Accepted_test
Motivation and Aim: In the bacterial biotechnology industry, the process of perspective strains searching is never ends. In this search, experimental approaches generate arrays of genomic, metabolomics and other types of data for many bacterial strains. Analysis of such data deals with approaches of bioinformatics, systems biology, mathematics and computational modeling. It allows one to propose a scheme of bacterial metabolic network functioning consistent with the observed data, and to suggest possible scenarios for biotechnological and/or genomic manipulations to optimize bacterial metabolism. In the study, we propose a semi-automated approach and its software implementation to analyze the evaluation of the metabolic potential of mutant strains and its validation on the example of C.glutamicum bacterial strains.
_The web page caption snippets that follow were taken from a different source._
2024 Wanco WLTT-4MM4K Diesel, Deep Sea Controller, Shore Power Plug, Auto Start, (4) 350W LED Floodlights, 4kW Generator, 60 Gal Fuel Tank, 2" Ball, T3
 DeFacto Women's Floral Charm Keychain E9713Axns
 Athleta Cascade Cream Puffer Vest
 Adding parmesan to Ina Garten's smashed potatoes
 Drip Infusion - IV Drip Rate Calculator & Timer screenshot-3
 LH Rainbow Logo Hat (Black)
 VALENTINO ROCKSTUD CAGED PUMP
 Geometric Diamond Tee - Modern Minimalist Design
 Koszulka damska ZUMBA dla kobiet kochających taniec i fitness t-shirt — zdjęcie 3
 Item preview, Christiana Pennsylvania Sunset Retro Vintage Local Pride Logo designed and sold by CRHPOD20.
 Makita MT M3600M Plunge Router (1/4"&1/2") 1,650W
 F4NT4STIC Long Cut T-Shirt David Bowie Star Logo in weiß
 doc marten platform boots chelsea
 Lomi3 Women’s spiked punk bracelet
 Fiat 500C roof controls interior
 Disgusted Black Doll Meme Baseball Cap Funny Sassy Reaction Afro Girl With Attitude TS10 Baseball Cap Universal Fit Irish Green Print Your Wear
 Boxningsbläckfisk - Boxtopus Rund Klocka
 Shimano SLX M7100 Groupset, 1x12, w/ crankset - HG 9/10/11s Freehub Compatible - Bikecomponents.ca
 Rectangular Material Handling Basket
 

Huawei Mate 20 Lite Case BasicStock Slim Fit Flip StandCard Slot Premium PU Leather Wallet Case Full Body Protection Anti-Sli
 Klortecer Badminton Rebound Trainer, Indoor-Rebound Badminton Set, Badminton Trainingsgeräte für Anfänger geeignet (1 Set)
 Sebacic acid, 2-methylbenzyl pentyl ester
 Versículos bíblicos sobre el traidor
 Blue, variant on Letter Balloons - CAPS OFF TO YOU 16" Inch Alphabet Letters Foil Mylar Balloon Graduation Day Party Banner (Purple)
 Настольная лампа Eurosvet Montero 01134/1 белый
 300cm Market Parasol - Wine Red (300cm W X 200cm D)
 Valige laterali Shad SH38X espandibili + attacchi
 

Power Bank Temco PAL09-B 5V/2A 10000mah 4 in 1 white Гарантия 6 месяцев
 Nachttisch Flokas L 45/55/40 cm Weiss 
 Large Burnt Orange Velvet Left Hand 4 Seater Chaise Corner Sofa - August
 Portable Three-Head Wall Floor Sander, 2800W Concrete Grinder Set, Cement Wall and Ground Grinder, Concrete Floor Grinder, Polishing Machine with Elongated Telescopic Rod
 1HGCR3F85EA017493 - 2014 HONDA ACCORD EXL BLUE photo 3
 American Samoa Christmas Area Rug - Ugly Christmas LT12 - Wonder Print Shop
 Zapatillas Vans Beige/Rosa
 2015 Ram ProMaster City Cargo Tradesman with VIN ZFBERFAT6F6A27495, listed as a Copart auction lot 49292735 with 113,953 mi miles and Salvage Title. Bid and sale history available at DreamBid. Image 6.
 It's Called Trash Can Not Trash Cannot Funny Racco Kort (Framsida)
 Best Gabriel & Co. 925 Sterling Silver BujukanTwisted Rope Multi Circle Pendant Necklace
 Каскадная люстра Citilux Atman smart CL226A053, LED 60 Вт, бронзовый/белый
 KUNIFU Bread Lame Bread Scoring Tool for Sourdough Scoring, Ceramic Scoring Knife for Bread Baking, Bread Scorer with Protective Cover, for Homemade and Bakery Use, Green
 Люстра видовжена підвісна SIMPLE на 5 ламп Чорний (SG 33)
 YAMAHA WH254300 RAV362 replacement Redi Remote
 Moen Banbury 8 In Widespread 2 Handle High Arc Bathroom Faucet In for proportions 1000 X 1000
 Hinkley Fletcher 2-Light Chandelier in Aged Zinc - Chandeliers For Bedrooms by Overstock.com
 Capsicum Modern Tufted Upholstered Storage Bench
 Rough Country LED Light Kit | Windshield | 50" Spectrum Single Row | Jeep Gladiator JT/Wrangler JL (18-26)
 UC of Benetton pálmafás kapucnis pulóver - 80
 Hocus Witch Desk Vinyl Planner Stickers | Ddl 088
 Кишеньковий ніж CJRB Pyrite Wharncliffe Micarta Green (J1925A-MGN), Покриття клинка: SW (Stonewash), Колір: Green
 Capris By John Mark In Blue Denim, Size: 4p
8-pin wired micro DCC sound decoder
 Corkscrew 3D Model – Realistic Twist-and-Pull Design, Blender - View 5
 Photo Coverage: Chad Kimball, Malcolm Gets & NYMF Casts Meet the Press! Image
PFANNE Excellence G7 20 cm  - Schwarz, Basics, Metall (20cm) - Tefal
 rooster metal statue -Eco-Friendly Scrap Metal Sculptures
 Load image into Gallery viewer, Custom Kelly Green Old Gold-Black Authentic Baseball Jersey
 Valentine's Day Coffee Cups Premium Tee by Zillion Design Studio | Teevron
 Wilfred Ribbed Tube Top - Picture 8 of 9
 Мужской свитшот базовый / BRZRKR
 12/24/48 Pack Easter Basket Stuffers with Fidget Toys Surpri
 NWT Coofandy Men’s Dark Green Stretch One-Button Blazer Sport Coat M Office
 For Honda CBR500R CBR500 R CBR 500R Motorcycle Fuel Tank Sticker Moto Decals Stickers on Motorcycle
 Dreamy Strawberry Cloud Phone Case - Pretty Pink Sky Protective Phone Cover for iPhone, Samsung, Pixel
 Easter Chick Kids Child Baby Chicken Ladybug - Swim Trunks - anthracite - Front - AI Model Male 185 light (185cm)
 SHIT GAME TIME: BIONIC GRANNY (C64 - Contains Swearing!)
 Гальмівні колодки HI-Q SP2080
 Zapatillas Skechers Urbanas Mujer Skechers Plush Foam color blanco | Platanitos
Results: To organize the computational flow for the analysis of mutation variants of the target strain, a software package was developed that implements a series of computational protocols. The computational protocols are presented in the form of Jupyter notebooks. This solution does not require a researcher to have a high level of proficiency in programming languages, and allows modifications of the work scenario if necessary. The program accepts a ready-to-use whole-genome flux model of bacteria in cobraPy format as input. The following functions are available: analysis of growth conditions on culture media; assessment of the potential of mutant strains. Implementations of these functions requires screening the parameters for hundreds of metabolic reactions within the computational experiment with further verification of acceptable solutions, which requires running the analysis on high-performance computing clusters.